Evertz – Em primeiro lugar, calma. Uma reação violenta pode ser muito negativa. Eu lhe diria que seu filho nasceu com essa inclinação e que sua escolha sexual não tem nada a ver com a educação que ele lhe deu. Muitos pais se condenam por seus filhos se tornarem gays. É importante que eles saibam que isso é normal, natural, uma coisa sobre a qual não temos controle. Eu também lembraria a esse pai que seu filho é ainda uma criança e que o amor desse filho pelo pai nunca vai mudar por causa de sua escolha.
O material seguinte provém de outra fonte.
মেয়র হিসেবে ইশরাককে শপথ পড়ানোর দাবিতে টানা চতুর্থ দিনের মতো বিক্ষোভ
Veja – O que o senhor pensa a respeito dos gays brasileiros?
Evertz – Eu não conheço a situação real da comunidade gay no Brasil. Apenas acompanho as notícias veiculadas pelos jornais sobre o preconceito contra os homossexuais, como o caso do gay morto por skinheads. É uma violência típica de países que ainda não estão avançados nos direitos dos homossexuais.

Veja – Mas nos Estados Unidos os gays também sofrem violências. Além disso, muitos Estados americanos punem com cadeia o homossexualismo, coisa que não ocorre no Brasil. Como se define "atraso" nessa questão?
Evertz – A violência contra homossexuais diminuiu bastante nos últimos anos. O que ocorre nos Estados Unidos é que existe uma pequena parcela da população extremamente preconceituosa, que ataca todas as minorias, mas ela é duramente combatida. O fato é que tanto o Brasil quanto os Estados Unidos estão atrasados em relação aos direitos dos homossexuais. A Europa tem exemplos do que pode ser feito para realmente igualar os homossexuais aos heterossexuais.

Veja – Os gays americanos conquistaram direitos iguais aos dos heterossexuais. São protegidos de discriminação no trabalho e já ocupam altos cargos no governo. Mas continuam exigindo mais e mais coisas. A igualdade não foi suficiente e agora os gays querem privilégios especiais?
Evertz – Eu só quero ser tratado como qualquer outro americano. Fico muito chateado porque eu e meu companheiro ainda não conseguimos ter o direito básico de nos casar. Como qualquer outro americano tem.